Speaking on Friday, opposite number Pep Guardiola commented upon a "correct" and "friendly" relationship between the two managers since their arrival in Manchester last year – somewhat at odds with the tempestuous feuding that marked their respective spells at Barcelona and Real Madrid.
Earlier this week, Mourinho suggested Guardiola lied about playmaker David Silva being a doubt for this weekend's clash. Silva has since been declared fit to face United, where City will aim to extend an eight-point advantage over their neighbours at the summit by chalking up a 14th consecutive Premier League victory.
Now the Portuguese has seemingly made another attempted to reopen old wounds with a far more provocative pre-match comment, stating that City's attacking players "lose balance very easily".
"They defend well, they react well to the moment they lose the ball. They have a good dynamic in attack," he said.
"They have creative movements, amazing players, a fantastic coach.
"They have lots of good things. If you ask me one thing that I don't like a lot, it's that they lose balance very easily. A little bit of wind and they fall."
City have won four penalties this season, more than any other side in the Premier League.
Last month, Arsenal manager Arsene Wenger caused controversy by saying Raheem Sterling "dives well" after the England winger went down under a challenge from Nacho Monreal in the area. Sergio Aguero converted – City's second goal in a 3-1 win.
"I know that a derby is something special for the people," says the boss. "For us, it's about three points but I think that for the people it's a good, positive rivalry." December 8, 2017
Mourinho also suggested Guardiola was the beneficiary of favourable treatment from the football authorities with regards the yellow ribbon he has sported on match days and at news conferences over recent weeks to show solidarity with imprisoned politicians in his native Catalonia.

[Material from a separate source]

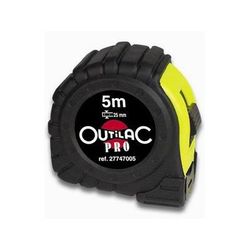 Outilac - Rolmeter pro outilac anti-choc 5m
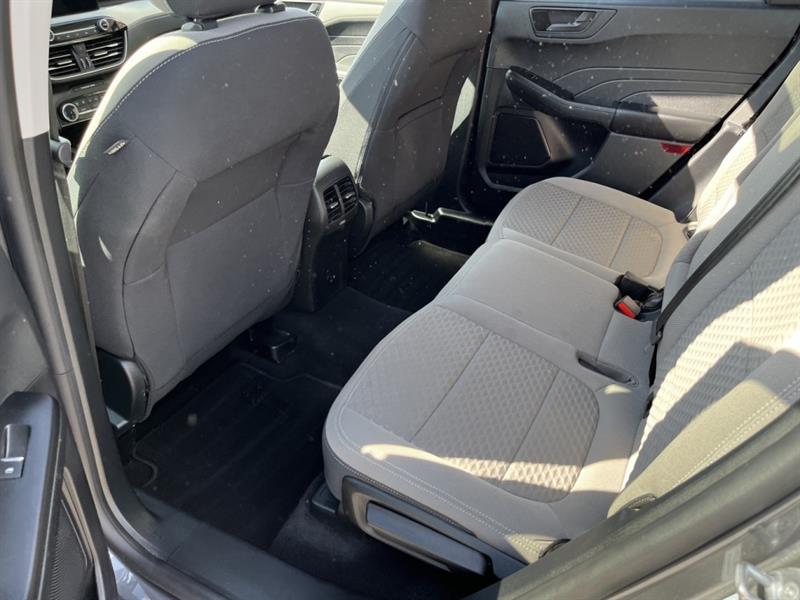 ford Escape 2022 - 25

"I think that our political ideology and our political beliefs is something that we have the right to have," said Mourinho.
"We're normal citizens like everybody else in our countries and everybody else in our world.
"I've known Pep for many years, I think I know what Pep feels about his country. But to have it in football? I don't know the rules.
"If the rules allow us to do that, he is a free citizen to do it. But I'm not sure if the rules allow any political message on the pitch. That's just my doubt.
"But I know Pep and I know his feelings like everyone else because it's public about his country.”
Asked whether he would act similarly in support of a cause close to his heart, Mourinho replied: "I think I wouldn't be allowed."